» ASSIGNMENT: The copy should hold only the line containing "CELULAR MOTOROLA MOTO" and the lines after it through the end of the material, each exact, with no pictures.

» EXTRACTED ENTRIES:
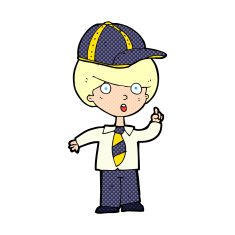 Cartoon School Boy N11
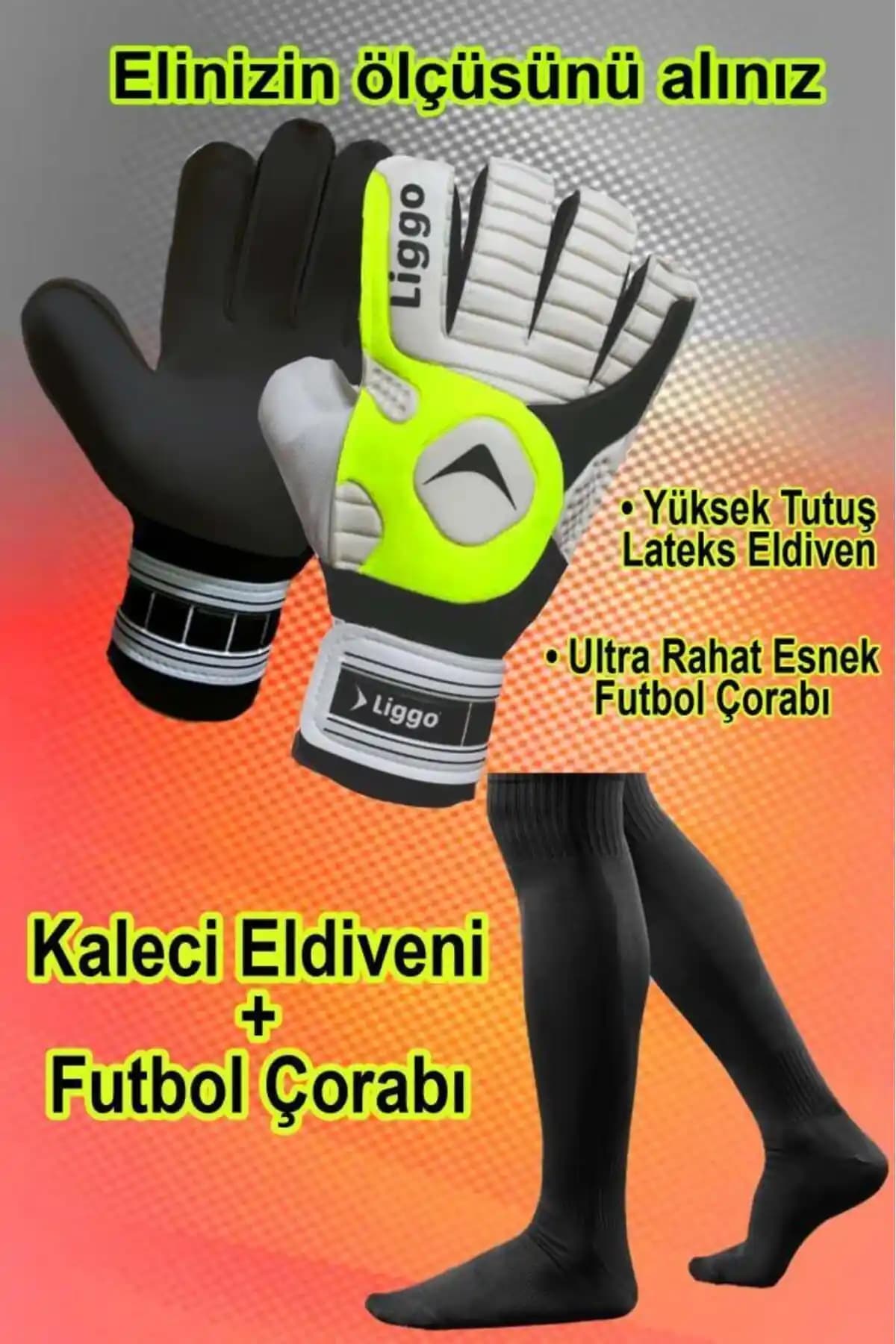 Liggo Reflex Yetişkin ve Çocuk Kaleci Eldiveni Seti İncelemesi ve Özellikleri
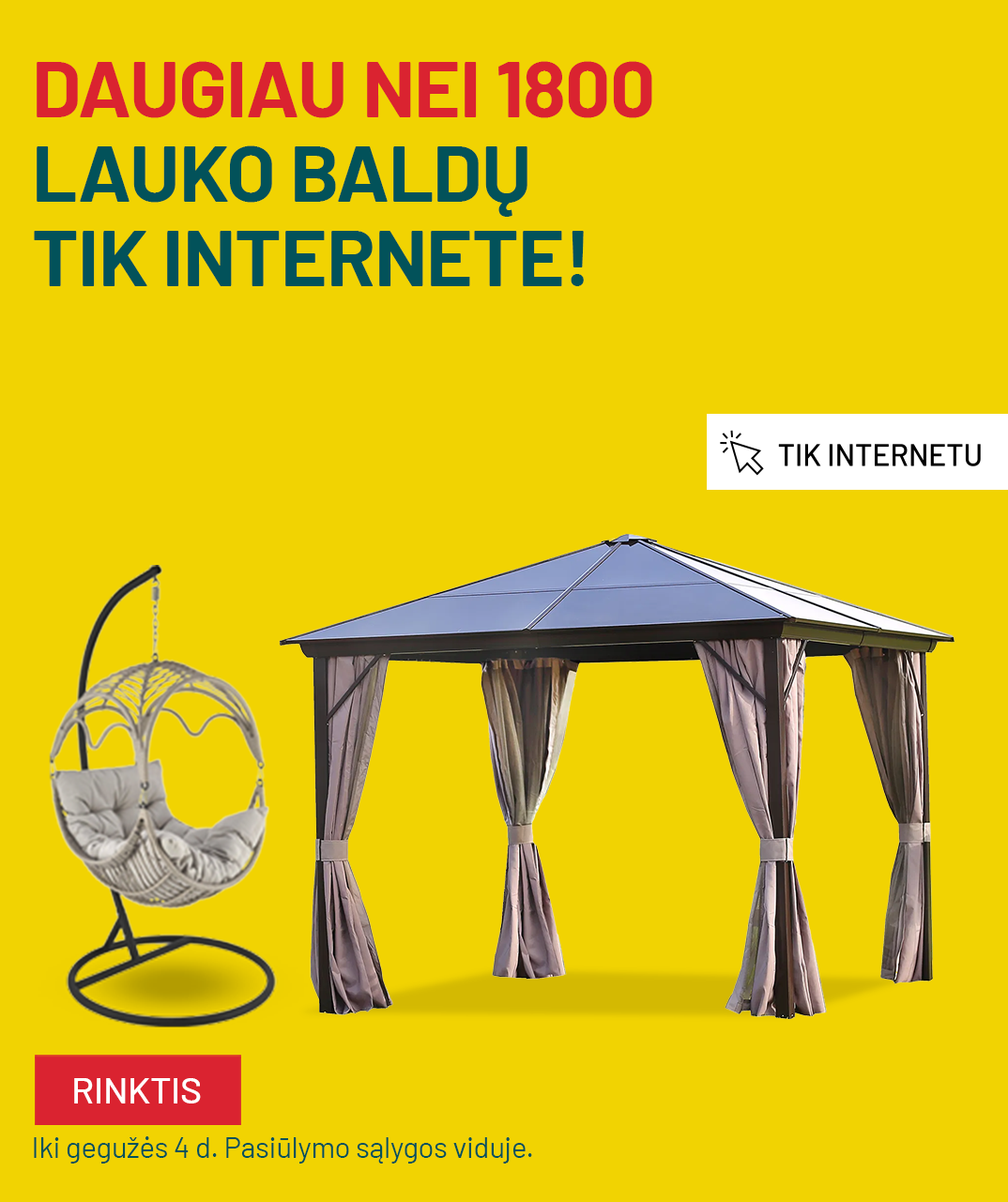 Daugiau nei 1800 lauko baldų TIK internete! 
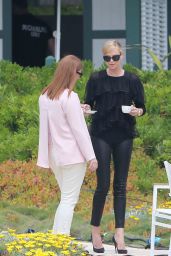 Charlize Theron Candids - Eden Roc Hotel in Cannes, May 2015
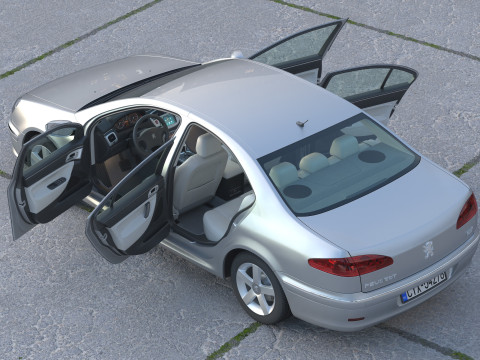 Peugeot 607 2007 3D Model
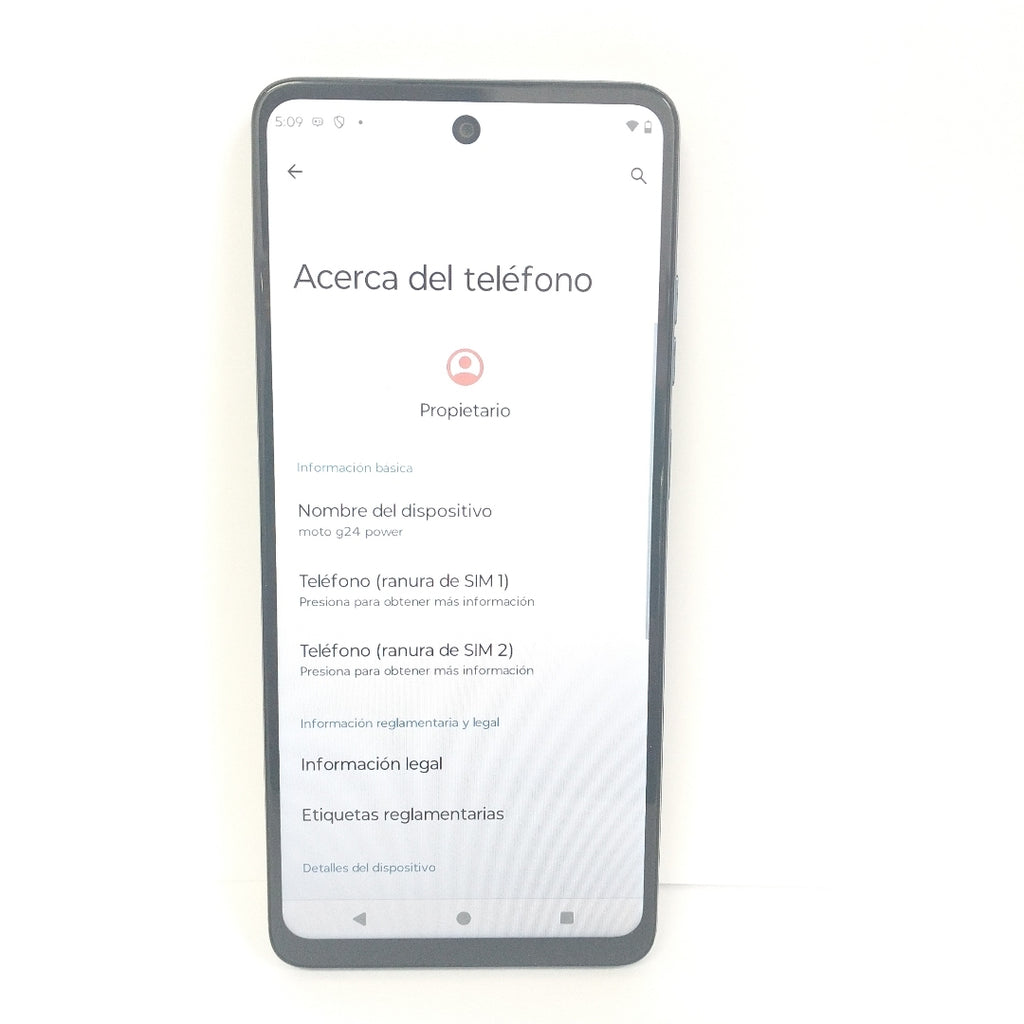 CELULAR MOTOROLA MOTO G24 POWER XT2425-1 (2024) 256 GB 8 GB RAM (SEMINUEVO)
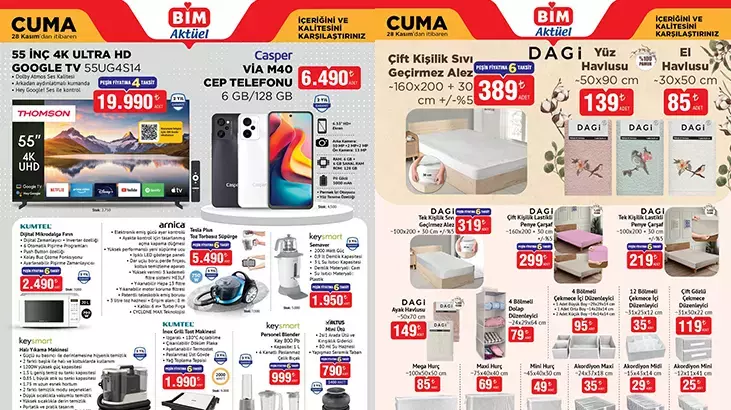 BİM’e Üflemeli Saç Şekillendirici Geliyor! 28 Kasım 2025 Cuma Kataloğu Detayları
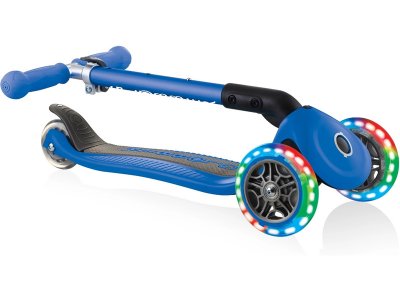 Globber - Koloběžka Junior skládací Lights modrá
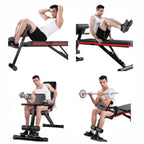 Banco de Mancuerna Plegable Inclinable Banco de Pesas Musculación Multifuncional para Entrenamiento Completo Máquina de Fitness Gimnasio Hogar detail image - detail view 17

» SOLVED PROBLEM:
 CELULAR MOTOROLA MOTO G24 POWER XT2425-1 (2024) 256 GB 8 GB RAM (SEMINUEVO)
 BİM’e Üflemeli Saç Şekillendirici Geliyor! 28 Kasım 2025 Cuma Kataloğu Detayları
 Globber - Koloběžka Junior skládací Lights modrá
 Banco de Mancuerna Plegable Inclinable Banco de Pesas Musculación Multifuncional para Entrenamiento Completo Máquina de Fitness Gimnasio Hogar detail image - detail view 17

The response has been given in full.